BRIEF DESCRIPTION OF THE DRAWINGS

[0040] The drawings included in the present application are incorporated into, and form part of, the specification. They illustrate embodiments of the present invention and, along with the description, serve to explain the principles of the invention. The drawings are only illustrative of embodiments of the invention and do not limit the invention. Non-limiting and non-exhaustive embodiments of the present invention, including the preferred embodiment, are described with reference to the following figures, wherein like reference numerals refer to like parts throughout the various views unless otherwise specified. Illustrative embodiments of the invention are illustrated in the drawings, in which:

[0041] FIG. 1 illustrates one embodiment of a compression pump as disclosed herein.

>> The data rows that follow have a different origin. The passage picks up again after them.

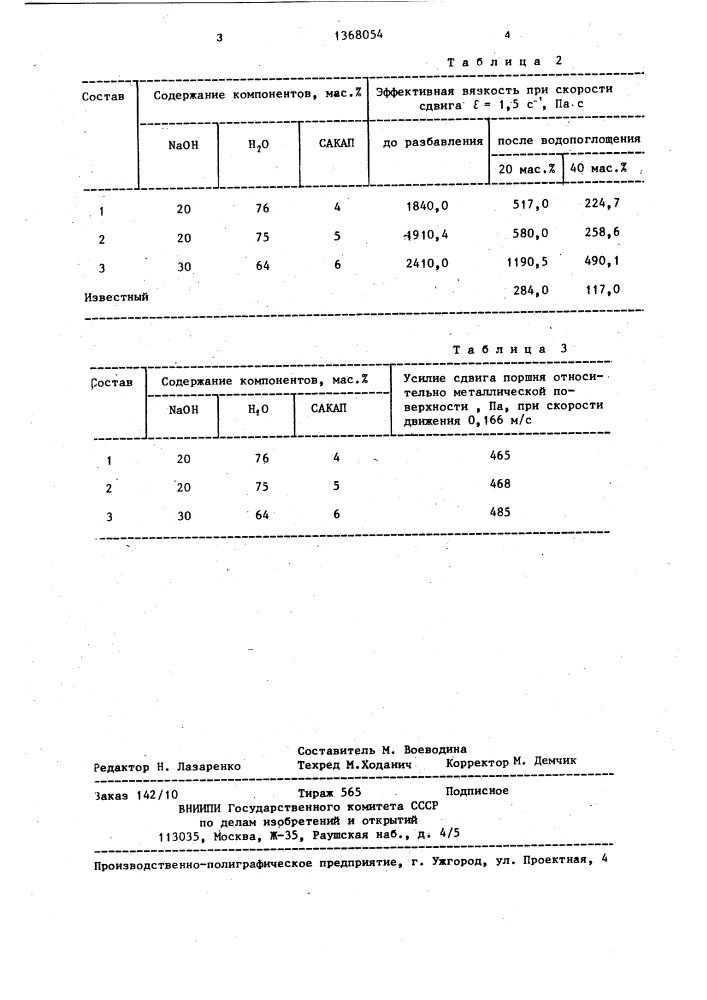 Желированный очистной поршень-разделитель (патент 1368054)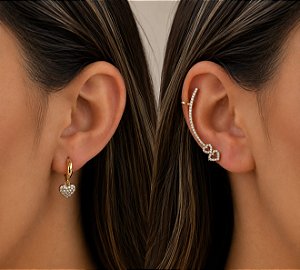 BRINCO CUFF FIXO HASTE CRAVEJ CORAÇÕES E ARGILONHA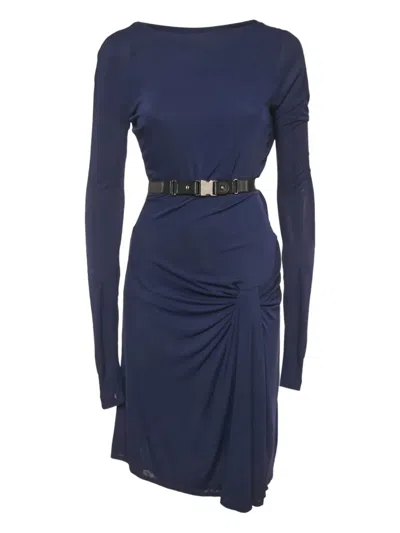 Pre-owned Gucci Belt-detail Midi Dress In Blue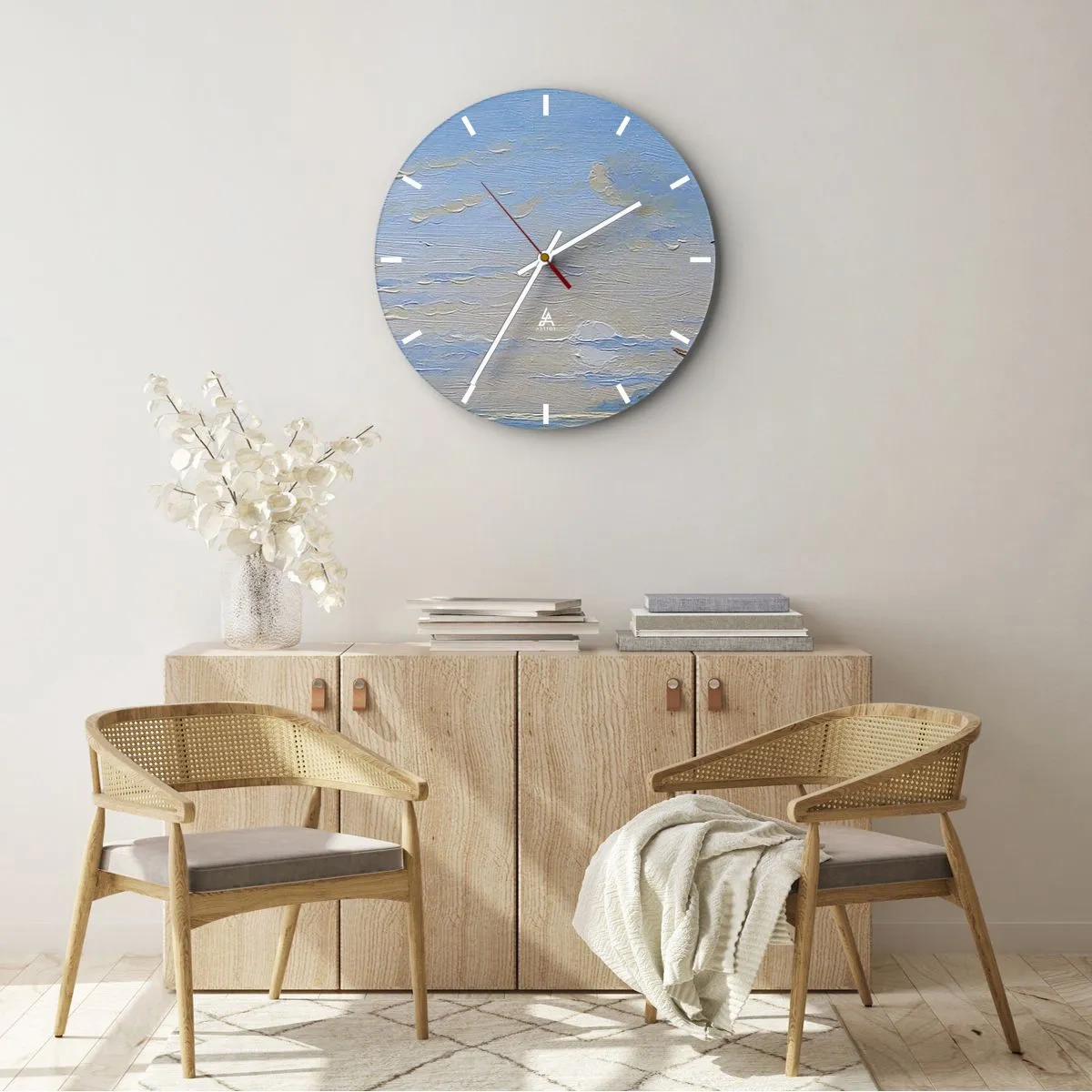 Relógio de parede - Relógio em vidro - Um veleiro na costa com pessoas contra o fundo do céu e do mar - 30x30cm - Água, terra, ar - Decoração de parede moderna para a sala de estar, cozinha e quarto ARTTOR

[0042] FIG. 2 illustrates one embodiment of a compression pump as disclosed herein having overall dimensions (excluding flat base portion and controller) of 35 mm Width.times.200 mm Length.times.88 mm Height.

[0043] FIG. 3 illustrates one embodiment of a cam shape (isometric and top views)

[0044] FIG. 4 illustrates a phase 2 prototype of one embodiment of an external compression pump which is similar to FIG. 2.

[0045] FIG. 5 illustrates one embodiment of a motor having a shaft for driving the cam of the pump.

[0046] FIG. 6 illustrates three potential cam shapes for the pump.

[0047] FIGS. 7A&B illustrates graphical data of pressure and flow plated over a time interval for one of the three cam shapes in FIG. 6.

[0048] FIG. 8 illustrates graphical data of input pressure and output pressure.

[0049] FIGS. 9A&B illustrates graphical data of pressure from the pump.

[0050] FIG. 10 illustrates an in vitro circulation set up of the cavopulmonary assist device.

[0051] FIG. 11 illustrates a cross-sectional view of an exemplary embodiment of a tube with attachment anchor portions.

[0052] FIG. 12 shows a cross section of a custom tube shape created using a silicone extrusion process.

[0053] FIG. 13 illustrates a view of a typical roller pump.

[0054] FIG. 14 illustrates one embodiment of a pump as disclosed herein having overall dimensions (excluding flat base portion) of 30 mm width.times.135 mm length.times.47 mm height.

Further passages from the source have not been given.